(Data records)
- Opening Delimiter -

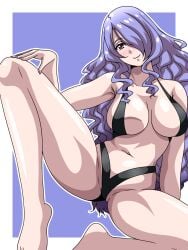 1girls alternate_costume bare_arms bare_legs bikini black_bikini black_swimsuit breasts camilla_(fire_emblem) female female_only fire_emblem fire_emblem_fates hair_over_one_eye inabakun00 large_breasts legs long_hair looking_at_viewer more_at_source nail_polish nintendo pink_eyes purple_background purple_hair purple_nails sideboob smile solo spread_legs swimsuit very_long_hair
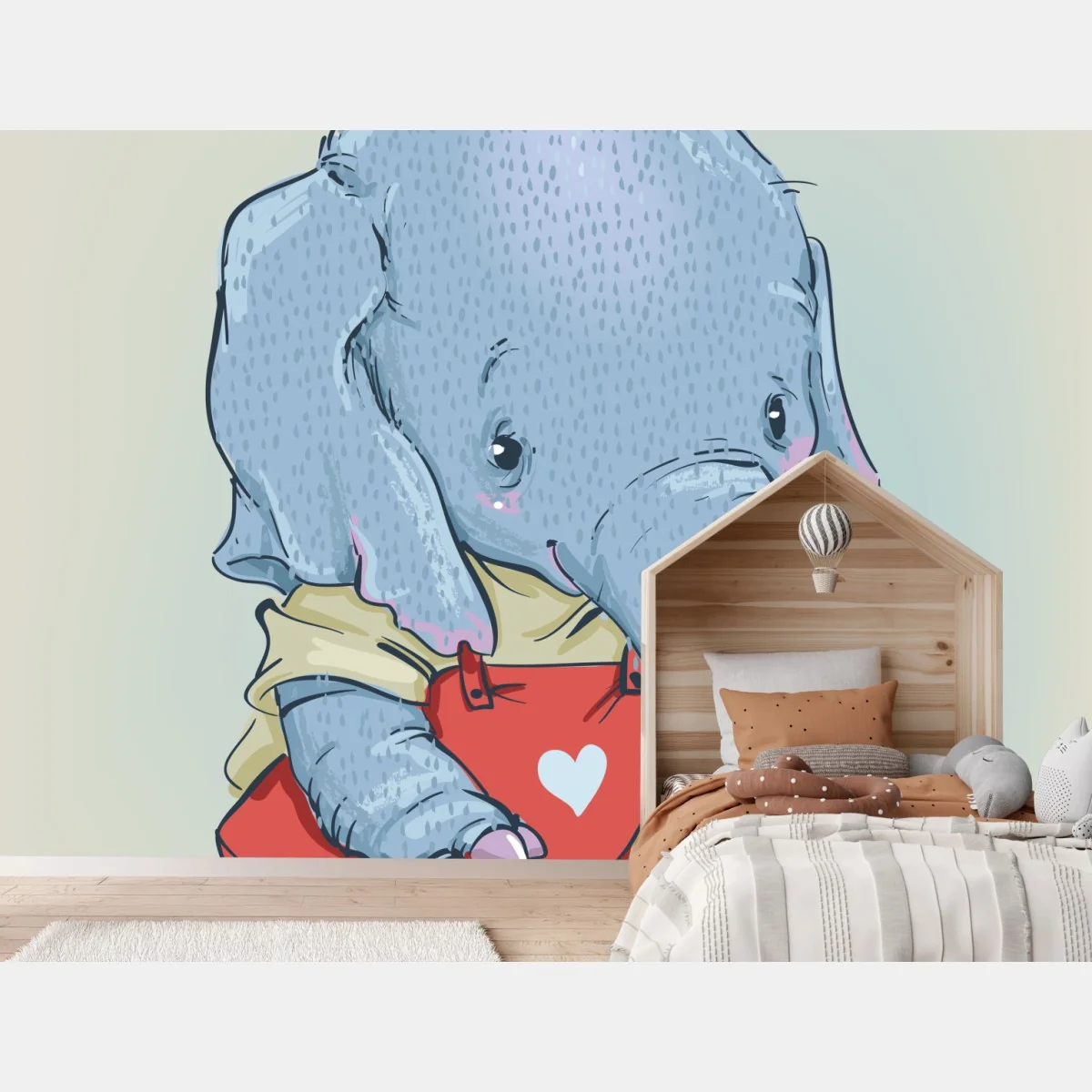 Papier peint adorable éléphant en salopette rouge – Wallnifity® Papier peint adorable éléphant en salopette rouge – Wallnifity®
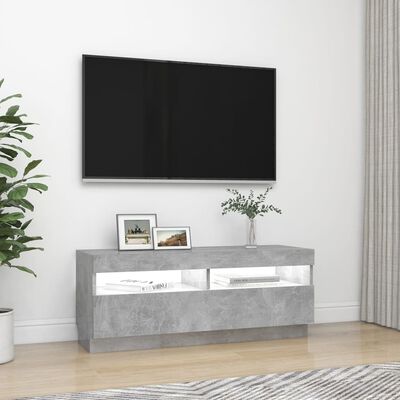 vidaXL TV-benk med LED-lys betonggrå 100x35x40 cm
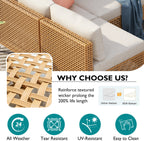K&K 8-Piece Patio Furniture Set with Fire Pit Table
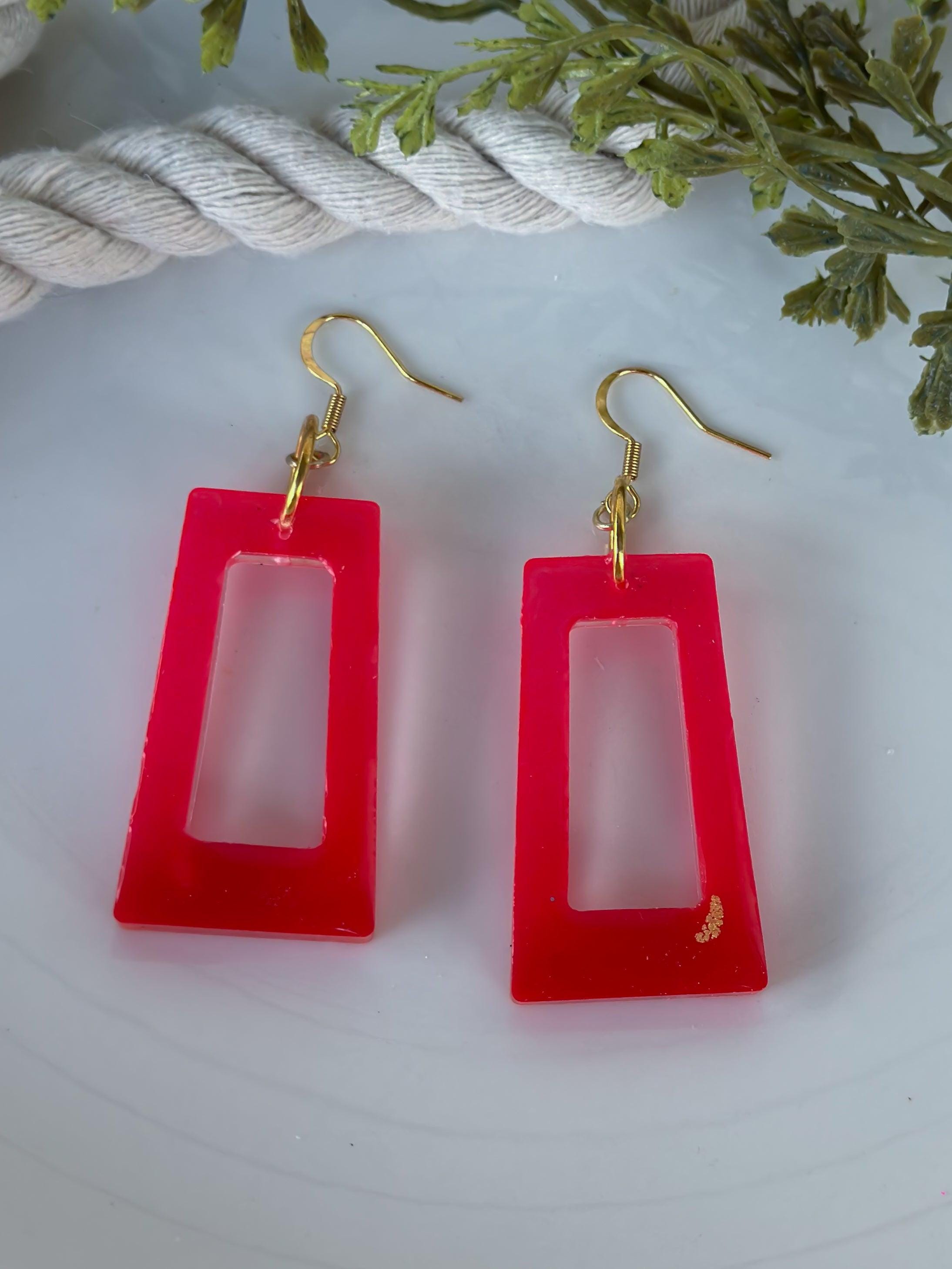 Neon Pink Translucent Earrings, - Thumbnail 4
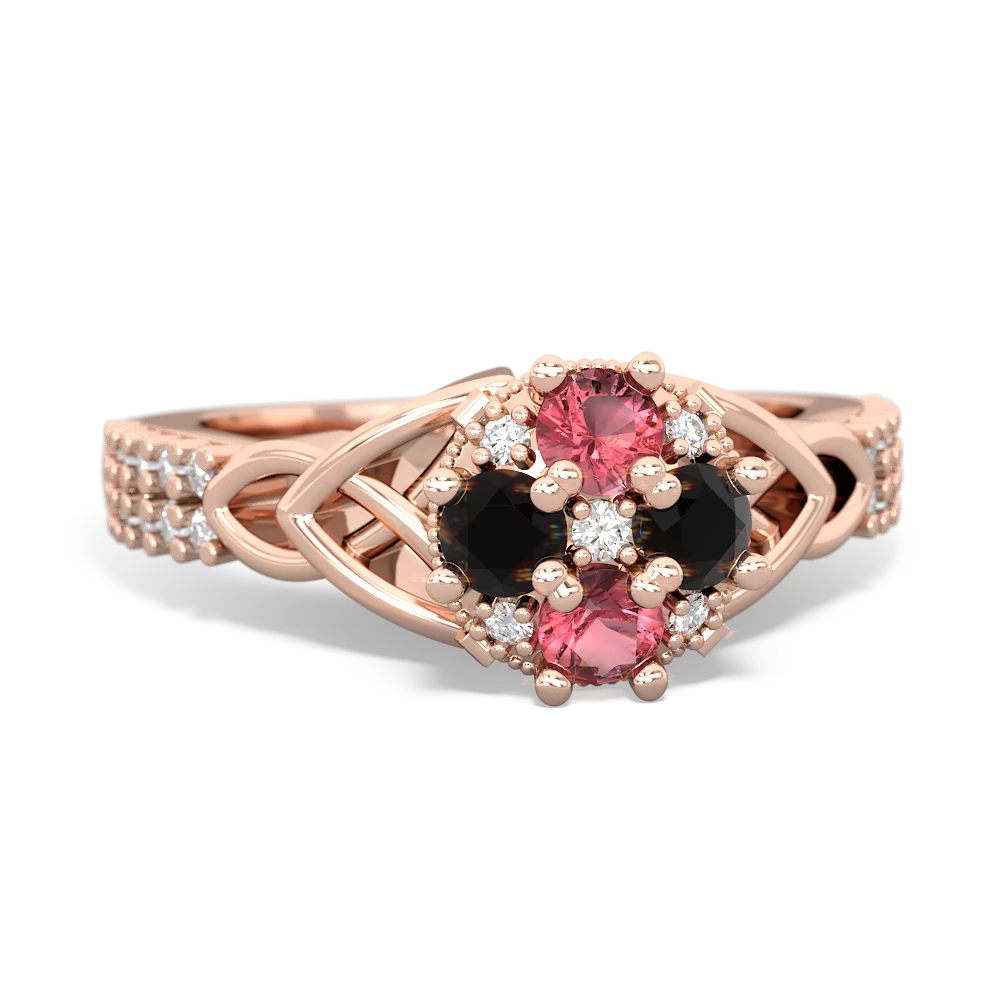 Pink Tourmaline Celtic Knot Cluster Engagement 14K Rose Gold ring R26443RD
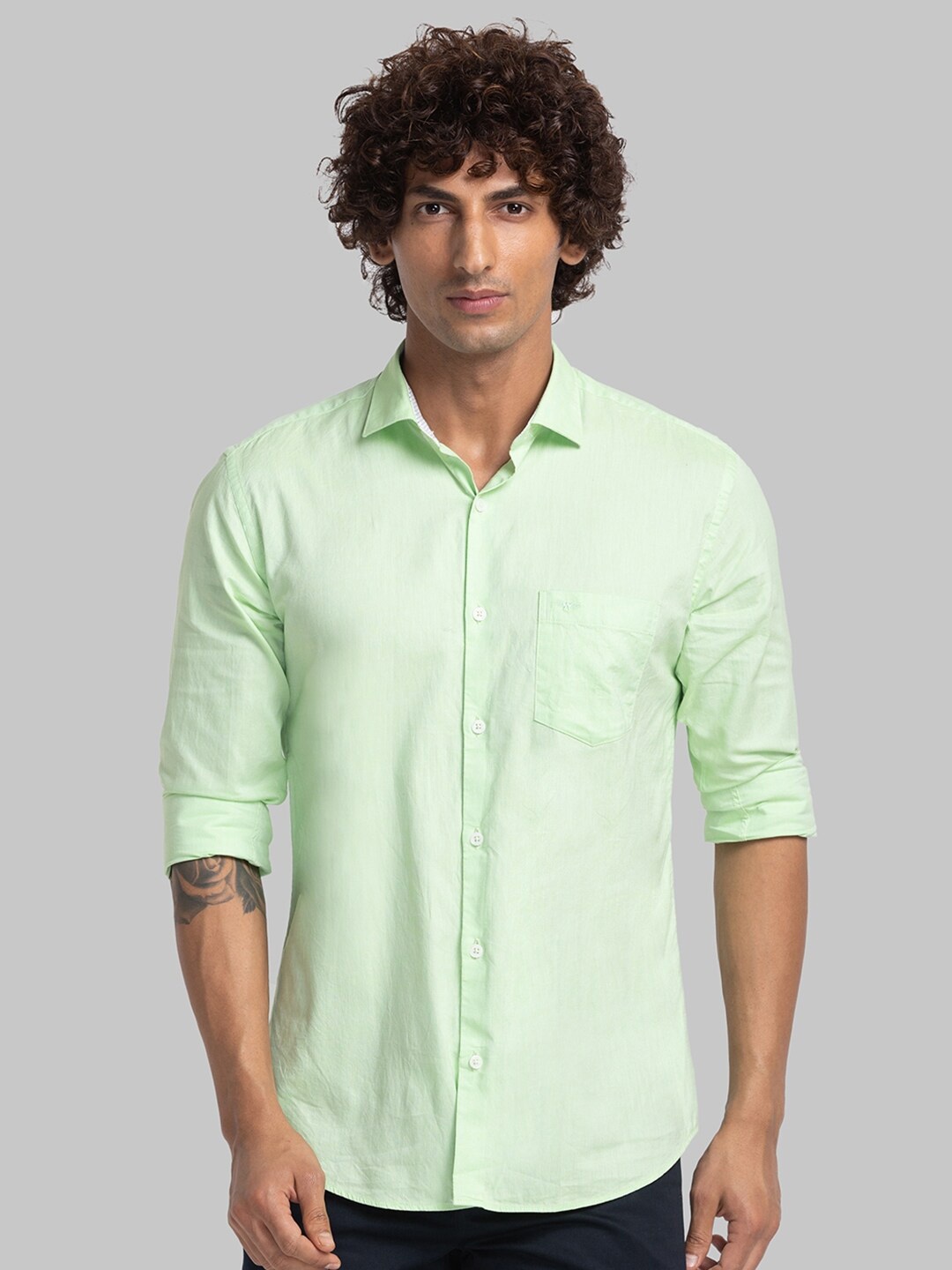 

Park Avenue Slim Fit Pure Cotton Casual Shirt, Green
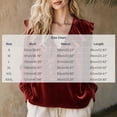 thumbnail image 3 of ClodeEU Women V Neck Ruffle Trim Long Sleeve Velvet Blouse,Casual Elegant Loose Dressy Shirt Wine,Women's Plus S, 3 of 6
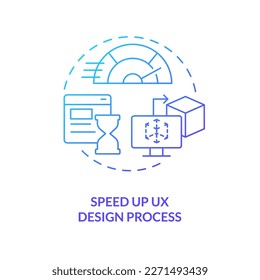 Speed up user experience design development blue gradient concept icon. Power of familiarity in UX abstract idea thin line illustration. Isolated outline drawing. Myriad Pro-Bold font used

- Closing Delimiter -

◆ WHAT IS BEING ASKED ◆
Each line from the one containing "Wallnifity® Papier peint" through the last line above should be retyped exactly, and no other line. Any picture is to be left out.

◆ RESULT OF THE TASK ◆
 Papier peint adorable éléphant en salopette rouge – Wallnifity® Papier peint adorable éléphant en salopette rouge – Wallnifity®
 vidaXL TV-benk med LED-lys betonggrå 100x35x40 cm
K&K 8-Piece Patio Furniture Set with Fire Pit Table
 Neon Pink Translucent Earrings, - Thumbnail 4
 Pink Tourmaline Celtic Knot Cluster Engagement 14K Rose Gold ring R26443RD

Park Avenue Slim Fit Pure Cotton Casual Shirt, Green
 thumbnail image 3 of ClodeEU Women V Neck Ruffle Trim Long Sleeve Velvet Blouse,Casual Elegant Loose Dressy Shirt Wine,Women's Plus S, 3 of 6
 Speed up user experience design development blue gradient concept icon. Power of familiarity in UX abstract idea thin line illustration. Isolated outline drawing. Myriad Pro-Bold font used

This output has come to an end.